#### GIVEN ENTRIES ####

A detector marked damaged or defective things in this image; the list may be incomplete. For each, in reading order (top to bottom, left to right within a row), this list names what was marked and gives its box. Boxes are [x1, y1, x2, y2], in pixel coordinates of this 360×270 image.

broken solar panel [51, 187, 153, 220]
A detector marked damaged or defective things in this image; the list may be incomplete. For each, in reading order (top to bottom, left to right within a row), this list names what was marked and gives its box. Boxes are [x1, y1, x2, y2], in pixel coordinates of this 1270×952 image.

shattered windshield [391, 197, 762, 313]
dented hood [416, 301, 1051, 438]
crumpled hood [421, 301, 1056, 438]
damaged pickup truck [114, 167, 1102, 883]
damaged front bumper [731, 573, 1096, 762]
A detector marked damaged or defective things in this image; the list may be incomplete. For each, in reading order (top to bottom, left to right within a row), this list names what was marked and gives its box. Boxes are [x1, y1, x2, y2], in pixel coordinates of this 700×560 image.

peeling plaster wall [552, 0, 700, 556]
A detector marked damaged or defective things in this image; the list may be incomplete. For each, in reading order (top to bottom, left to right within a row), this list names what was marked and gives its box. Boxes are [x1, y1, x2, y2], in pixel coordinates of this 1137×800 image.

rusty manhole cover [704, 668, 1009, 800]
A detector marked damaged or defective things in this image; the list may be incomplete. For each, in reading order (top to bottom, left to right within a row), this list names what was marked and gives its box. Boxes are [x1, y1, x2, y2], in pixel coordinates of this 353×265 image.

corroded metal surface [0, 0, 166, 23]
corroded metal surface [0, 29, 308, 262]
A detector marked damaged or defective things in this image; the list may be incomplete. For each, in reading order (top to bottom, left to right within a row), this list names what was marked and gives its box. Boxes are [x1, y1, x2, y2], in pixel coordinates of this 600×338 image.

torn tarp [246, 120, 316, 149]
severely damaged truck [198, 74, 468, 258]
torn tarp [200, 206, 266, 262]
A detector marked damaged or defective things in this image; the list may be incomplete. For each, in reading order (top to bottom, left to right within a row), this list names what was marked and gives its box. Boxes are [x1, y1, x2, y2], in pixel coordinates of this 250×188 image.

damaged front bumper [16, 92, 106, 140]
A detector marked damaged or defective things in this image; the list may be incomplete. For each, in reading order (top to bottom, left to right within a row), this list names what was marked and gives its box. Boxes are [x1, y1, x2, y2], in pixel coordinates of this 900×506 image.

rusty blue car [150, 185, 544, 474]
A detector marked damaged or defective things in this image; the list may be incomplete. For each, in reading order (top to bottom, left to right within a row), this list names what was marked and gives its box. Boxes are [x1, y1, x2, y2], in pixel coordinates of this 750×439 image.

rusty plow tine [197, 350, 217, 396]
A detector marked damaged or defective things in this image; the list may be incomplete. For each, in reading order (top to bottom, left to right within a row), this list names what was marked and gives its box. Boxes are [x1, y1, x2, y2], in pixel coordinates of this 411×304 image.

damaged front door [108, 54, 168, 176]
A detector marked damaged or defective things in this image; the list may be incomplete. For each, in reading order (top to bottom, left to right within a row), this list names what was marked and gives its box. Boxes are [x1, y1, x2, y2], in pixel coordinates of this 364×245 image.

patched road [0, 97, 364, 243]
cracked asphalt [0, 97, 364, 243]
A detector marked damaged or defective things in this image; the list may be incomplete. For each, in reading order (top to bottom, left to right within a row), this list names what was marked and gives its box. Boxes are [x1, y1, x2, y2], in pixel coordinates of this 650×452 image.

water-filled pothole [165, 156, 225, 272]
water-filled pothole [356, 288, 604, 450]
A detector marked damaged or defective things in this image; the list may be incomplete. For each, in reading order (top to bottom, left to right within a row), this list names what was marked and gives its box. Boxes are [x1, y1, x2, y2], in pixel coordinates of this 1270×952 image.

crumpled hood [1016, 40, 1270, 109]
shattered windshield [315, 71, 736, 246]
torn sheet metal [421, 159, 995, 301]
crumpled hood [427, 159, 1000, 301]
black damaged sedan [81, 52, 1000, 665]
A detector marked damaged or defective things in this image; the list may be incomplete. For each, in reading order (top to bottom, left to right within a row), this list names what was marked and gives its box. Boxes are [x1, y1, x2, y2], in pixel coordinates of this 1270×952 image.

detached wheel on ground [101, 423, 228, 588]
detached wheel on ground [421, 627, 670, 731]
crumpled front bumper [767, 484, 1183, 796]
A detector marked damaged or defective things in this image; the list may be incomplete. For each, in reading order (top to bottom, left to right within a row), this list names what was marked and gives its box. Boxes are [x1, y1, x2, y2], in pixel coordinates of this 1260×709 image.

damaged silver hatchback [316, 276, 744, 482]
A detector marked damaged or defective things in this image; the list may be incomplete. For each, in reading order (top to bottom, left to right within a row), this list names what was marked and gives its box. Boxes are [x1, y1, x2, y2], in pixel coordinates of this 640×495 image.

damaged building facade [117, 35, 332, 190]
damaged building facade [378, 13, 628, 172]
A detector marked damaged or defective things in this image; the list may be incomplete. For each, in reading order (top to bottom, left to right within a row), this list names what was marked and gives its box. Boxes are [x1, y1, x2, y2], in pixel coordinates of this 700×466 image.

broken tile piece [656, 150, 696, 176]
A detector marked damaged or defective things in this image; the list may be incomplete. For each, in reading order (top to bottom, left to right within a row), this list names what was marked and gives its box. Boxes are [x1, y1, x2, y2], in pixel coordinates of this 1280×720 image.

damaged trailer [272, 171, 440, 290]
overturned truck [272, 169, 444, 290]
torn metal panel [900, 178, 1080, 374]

####

**TASK OBJECTIVE**
Your answer is to contain exactly the lines from the one holding "this 1260×709 image." to the end of the entries, with no other line.

**SOLUTION TO THIS TASK**
A detector marked damaged or defective things in this image; the list may be incomplete. For each, in reading order (top to bottom, left to right within a row), this list names what was marked and gives its box. Boxes are [x1, y1, x2, y2], in pixel coordinates of this 1260×709 image.

damaged silver hatchback [316, 276, 744, 482]
A detector marked damaged or defective things in this image; the list may be incomplete. For each, in reading order (top to bottom, left to right within a row), this list names what was marked and gives its box. Boxes are [x1, y1, x2, y2], in pixel coordinates of this 640×495 image.

damaged building facade [117, 35, 332, 190]
damaged building facade [378, 13, 628, 172]
A detector marked damaged or defective things in this image; the list may be incomplete. For each, in reading order (top to bottom, left to right within a row), this list names what was marked and gives its box. Boxes are [x1, y1, x2, y2], in pixel coordinates of this 700×466 image.

broken tile piece [656, 150, 696, 176]
A detector marked damaged or defective things in this image; the list may be incomplete. For each, in reading order (top to bottom, left to right within a row), this list names what was marked and gives its box. Boxes are [x1, y1, x2, y2], in pixel coordinates of this 1280×720 image.

damaged trailer [272, 171, 440, 290]
overturned truck [272, 169, 444, 290]
torn metal panel [900, 178, 1080, 374]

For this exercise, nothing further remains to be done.